学識経験者や東京都都市整備局や多摩市らで構成された「多摩ニュータウン再生検討会議」(上野淳委員長)は10月30日、これまで検討を重ねてきた多摩ニュータウン再生方針を策定し、阿部裕行多摩市長へ提言を行った。今後、多摩市、東京都を中心にこの再生方針を踏まえて、ニュータウン再生を推進していく意向だ。
多摩ニュータウンは、1970年代に諏訪・永山地区を皮切りに、入居が開始され、40年以上が経過。そうした中で、居住者の高齢化が進み、都市基盤は更新時期を迎えていることからその対応が課題として挙げられていた。
そこで多摩市では、東京都の支援を受けて、2013年から多摩ニュータウンの「再活性化」「持続化」を目的に、再生検討会議を設置。首都大学東京の上野淳学長を委員長に、明星大学西浦定継教授、日本女子大学薬袋奈美子准教授ら学識経験者に加え、東京都都市整備局やUR都市機構、永尾俊文多摩市副市長らでメンバーを構成。現状の課題・取り組み、再生方針のイメージをメンバー内で共有し、グループに分かれて検討を進めていた。昨年3月に「多摩ニュータウン再生シナリオ」を、今年3月には「多摩ニュータウン再生方針(案)」を取りまとめ、今回「再生方針」を策定した。
コンセプトは「持続化」「コンパクト」
策定された再生方針のコンセプトは「多世代が連鎖的に住み続ける『まちが持続化する仕組みを持つ』」「”市街地縮小型”ではなく、地域の循環構造を支えていく”多様な強化連携型”で『多摩ニュータウンに相応しいコンパクトを目指す』」の2つ。

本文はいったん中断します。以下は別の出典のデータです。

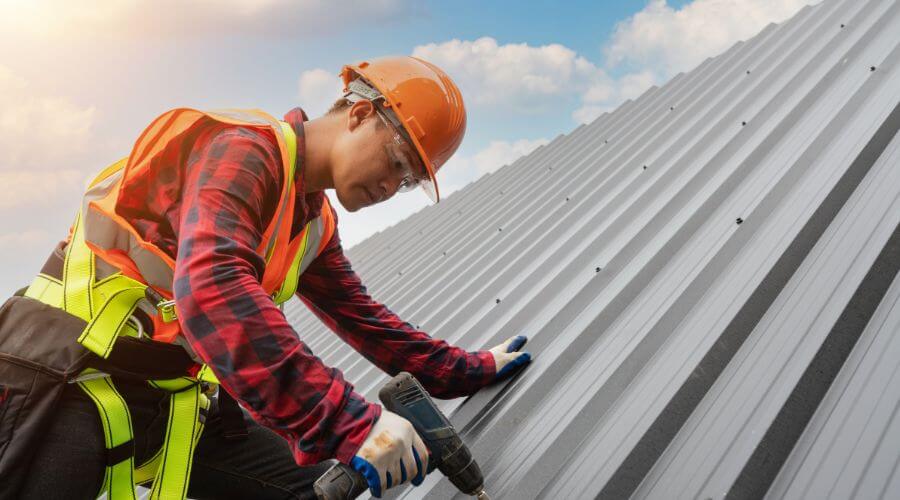 Professional Flat Roofing Installation in Midland, GA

具体的な目標として【1】人と環境に優しい都市基盤・拠点構造への再編、【2】惹きつけられ、住み続けられるまちの実現、【3】企業や団体等の多様な主体が協働して循環型の地域サービスを育むなどを挙げている。
また目指すべき都市像として「駅を中心に多様な拠点がネットワークし、近隣住区を活かして地域の循環構造を支える、コンパクトな都市構造への再編」を挙げ、ニュータウン全域の再生プロセスとして、第一次入居の諏訪・永山地区で先行的に再生を実践。その経験や成果を踏まえ、地域ごとに再生を連鎖していくとしている。
この再生方針の提言を受けて、阿部市長は「これからの再生、創世に向けた主役は市民。この提言をまちで取りまとめていきたい。事業主の力を借りて、市民と共に取り組んでいきたい」と意欲をみせた。